À première vue, cette méthode, en facilitant la concentration, pourrait révolutionner sa vie de prière. En effet, personne n'échappe aux distractions, pas même les saints ! Sainte Thérèse d’Avila en parle comme d’une vraie "infirmité". Elle rapporte que parfois, même dans la solitude, son esprit ressemblait à "un fou que personne ne peut enchaîner". Elle ne pensait "à rien de mauvais, mais seulement à des choses indifférentes". Elle se surprit ainsi, un jour, à compter les clous sur la chaussure de la religieuse qui priait devant elle. Un dossier compliqué, un souci avec un enfant, le menu du prochain repas, des pas chez la voisine du dessus, une notification sur son téléphone (alors qu’on tentait de se concentrer sur la Parole de Dieu sur son appli préférée), tout ceci contribue à nous éloigner non pas de Dieu Dieu merci mais de notre objectif initial qui était de passer un temps "de qualité" avec le Seigneur.
Une prière parfaite avec Pomodoro… ou peu s’en faut !
Or quand on découvre les bienfaits de la méthode Pomodoro, on se dit que ça y est, c’est gagné, plus rien ne pourra nous détourner de nos rencontres avec le Seigneur ! Il s’agit d’une méthode de travail, inventée dans les années 1980 par un Italien, Francesco Cirillo, alors qu’il était étudiant et révisait ses examens. Il utilisait un minuteur (de cuisine, oui oui) en forme de tomate (d’où le nom de la méthode) afin de se focaliser à 100% sur son travail, par tranches de 25 minutes. L’une des conditions pour que la méthode soit efficace ? Ranger son téléphone.
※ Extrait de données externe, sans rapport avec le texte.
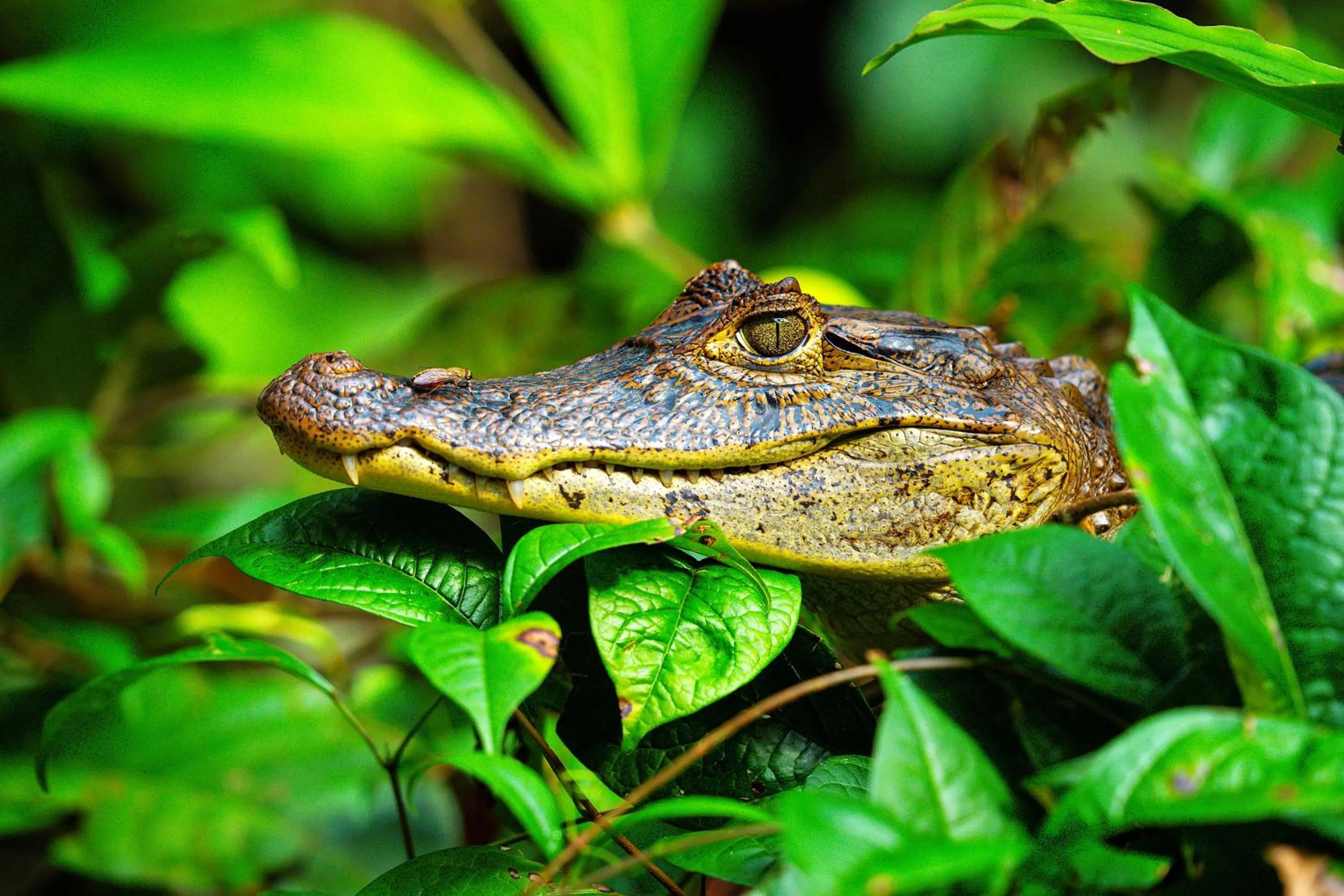 Natural landscape in Aninga Lodge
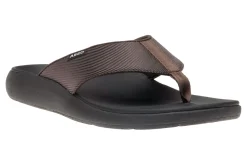 ABEO Alpha- Medium | Active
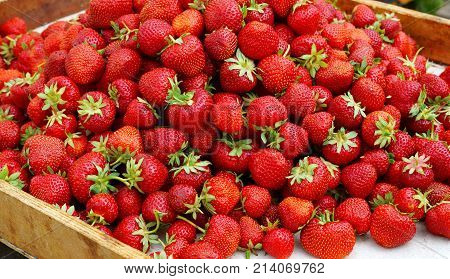 basket summer agriculture strawberry berry closeup diet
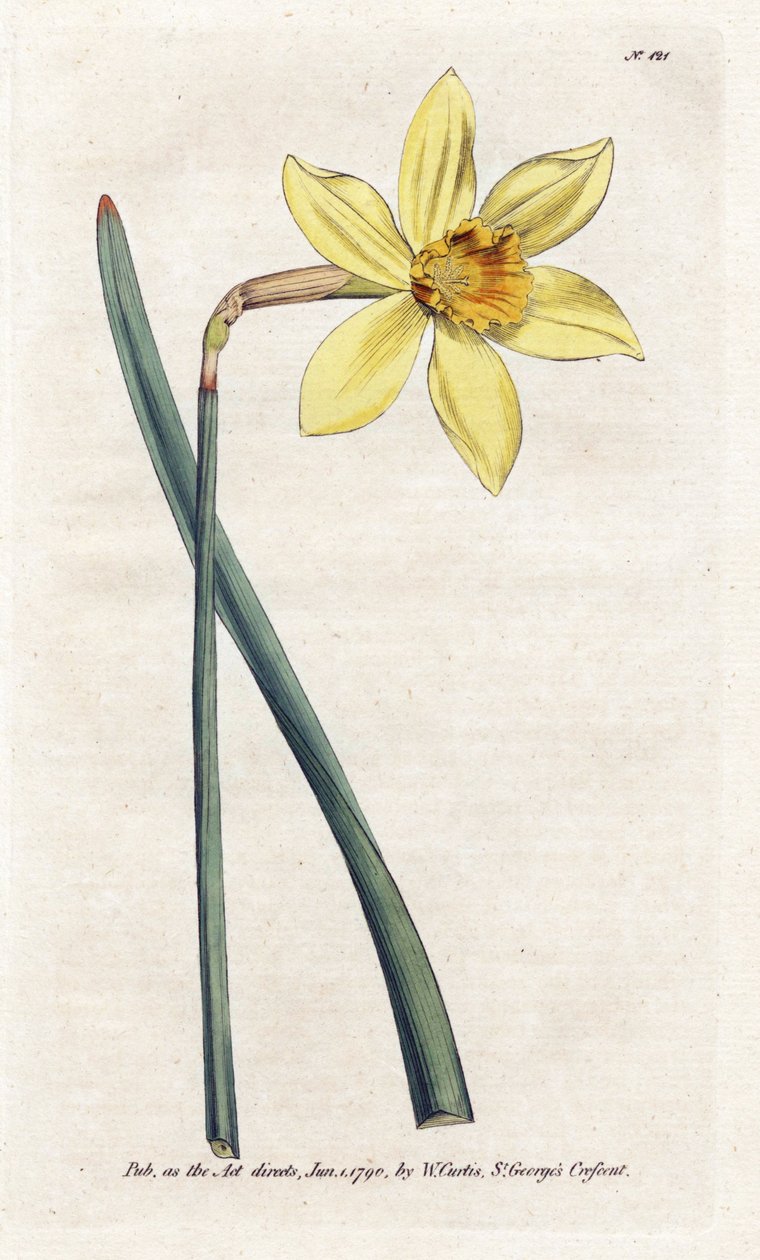 Incomparable Narcissus - Litografi av James Sowerby (1757-1822), fra William Curtis's Botanical Magazine (1746-1799) av James Sowerby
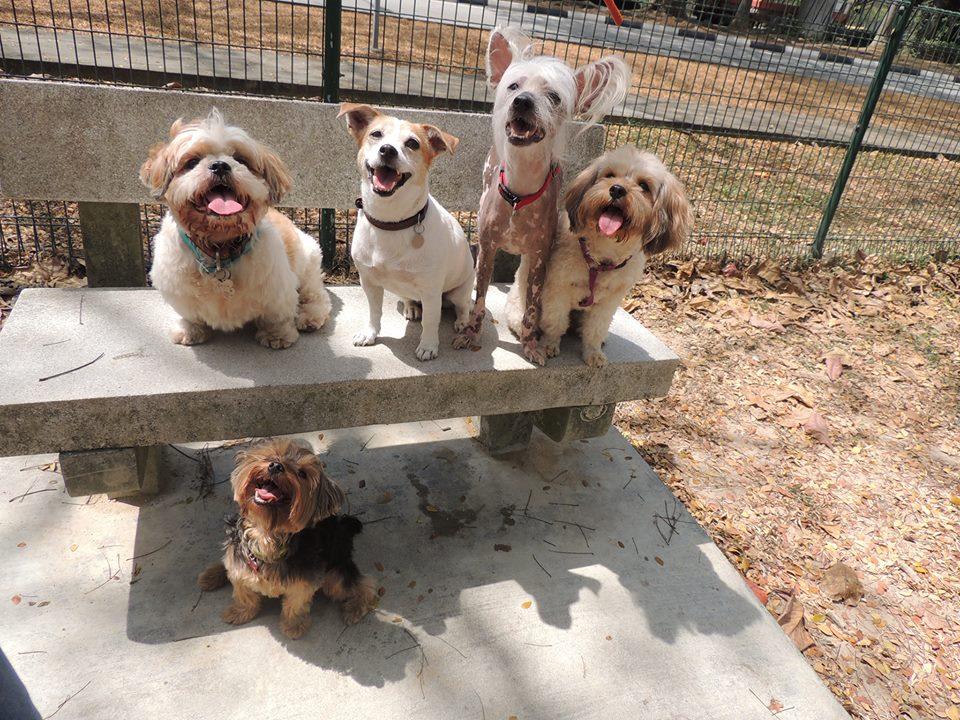 Directory Of Doggie Daycare Boarding In Singapore Bringfido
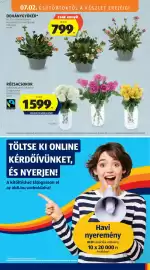 ALDI akciós újság hét 27 Oldal 15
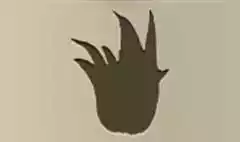Buddha's Hand Citron silhouette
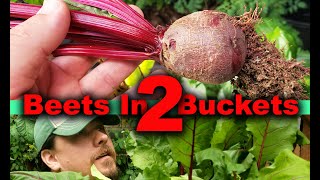 How To Grow Beets In Buckets Part 2  Maintenance and Harvest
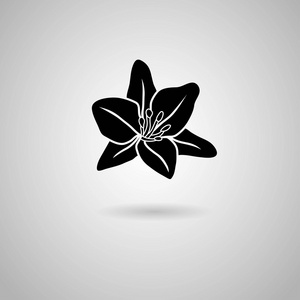 百合图标图片大全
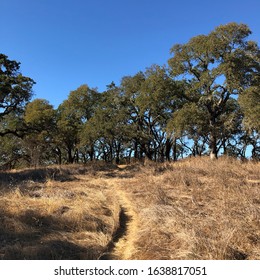 Sonoma Valley Regional Park California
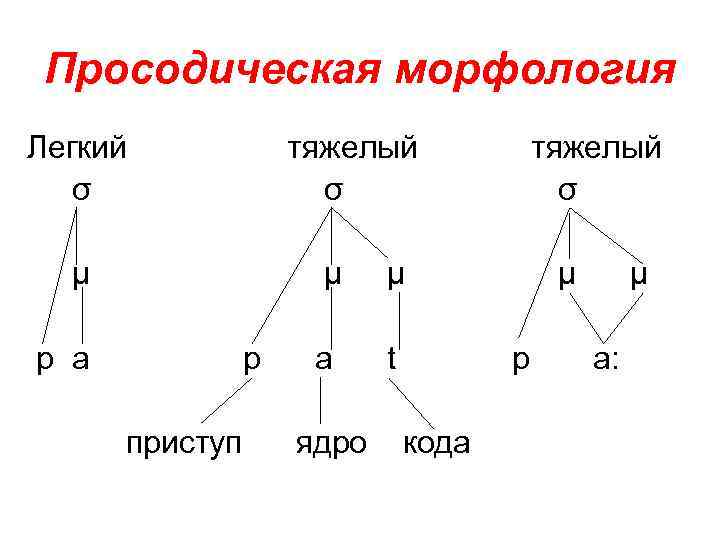 Морфологический анализ первые. Три модели морфологии. Морфологический анализ легкие.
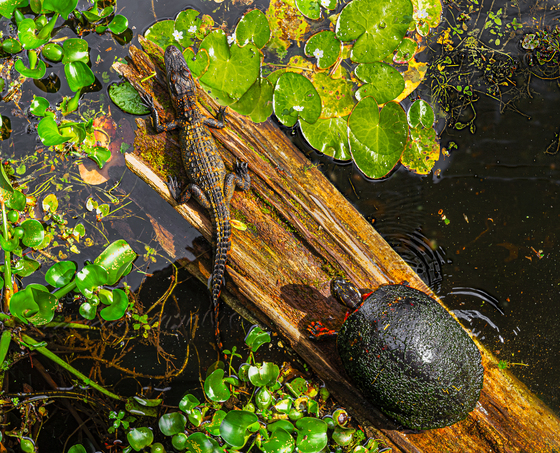 Big Cypress National Preserve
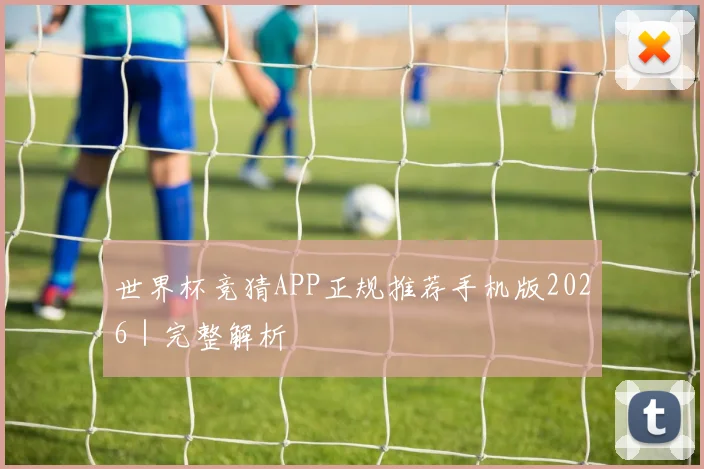 世界杯竞猜APP正规推荐手机版2026｜完整解析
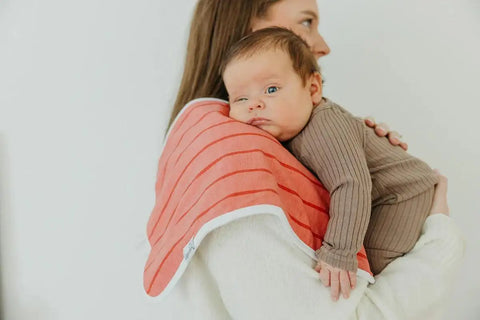 Burp Cloth Set - Farmstead - Copper Pearl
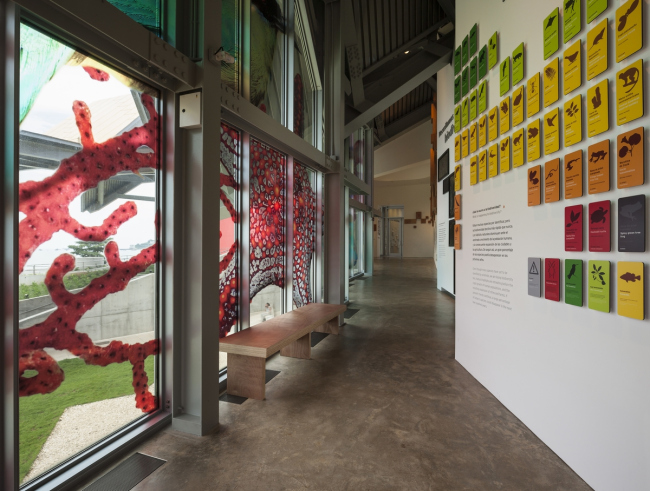 Biomuseo  生物多样性博物馆丨弗兰克·盖里（Frank Gehry）-63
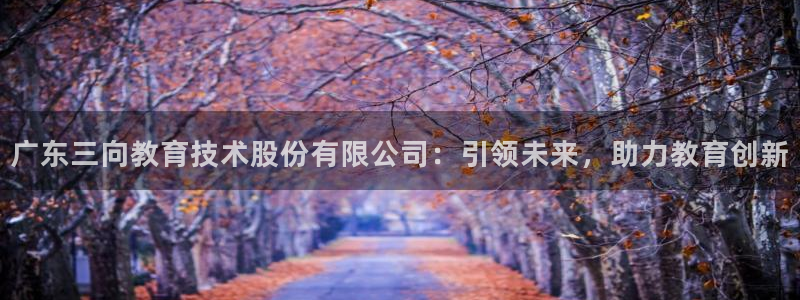 cq9电子飞天财神：广东三向教育技术股份有限公司：引领未来，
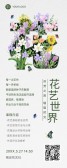 模板缩略图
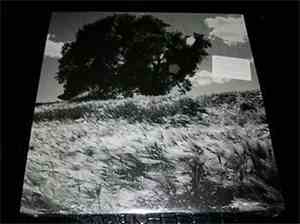 Ancestors  - Invisible White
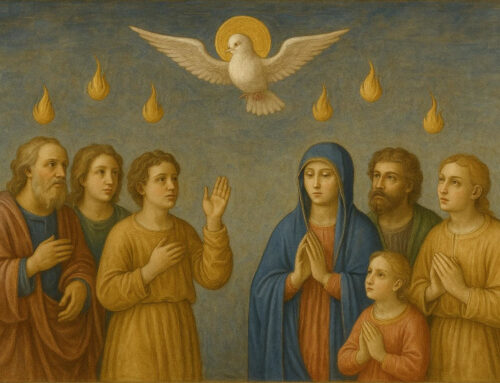 Vieni, Santo Spirito, ad accendere nei nostri cuori la Misericordia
Les instructions pourraient sortir tout droit d’un manuel de prière : "Ne gardez pas votre téléphone près de vous. Mettez-le hors de portée, il doit être silencieux et hors de votre vue. Chaque notification, vibration, appel ou message va venir vous extirper de votre bain de concentration", peut-on lire sur le site officiel. Une méthode qui s’est répandue dans le monde entier, et qui est tout particulièrement indiquée aux personnes qui ont tendance à se laisser distraire par les sollicitations extérieures ou à remettre au lendemain ce qu'elles peuvent faire le jour-même. Si un minuteur en forme de tomate résout ces deux problèmes, notre vie spirituelle n’est-elle pas sauvée ?
"Partir à la chasse des distractions serait tomber dans leurs pièges."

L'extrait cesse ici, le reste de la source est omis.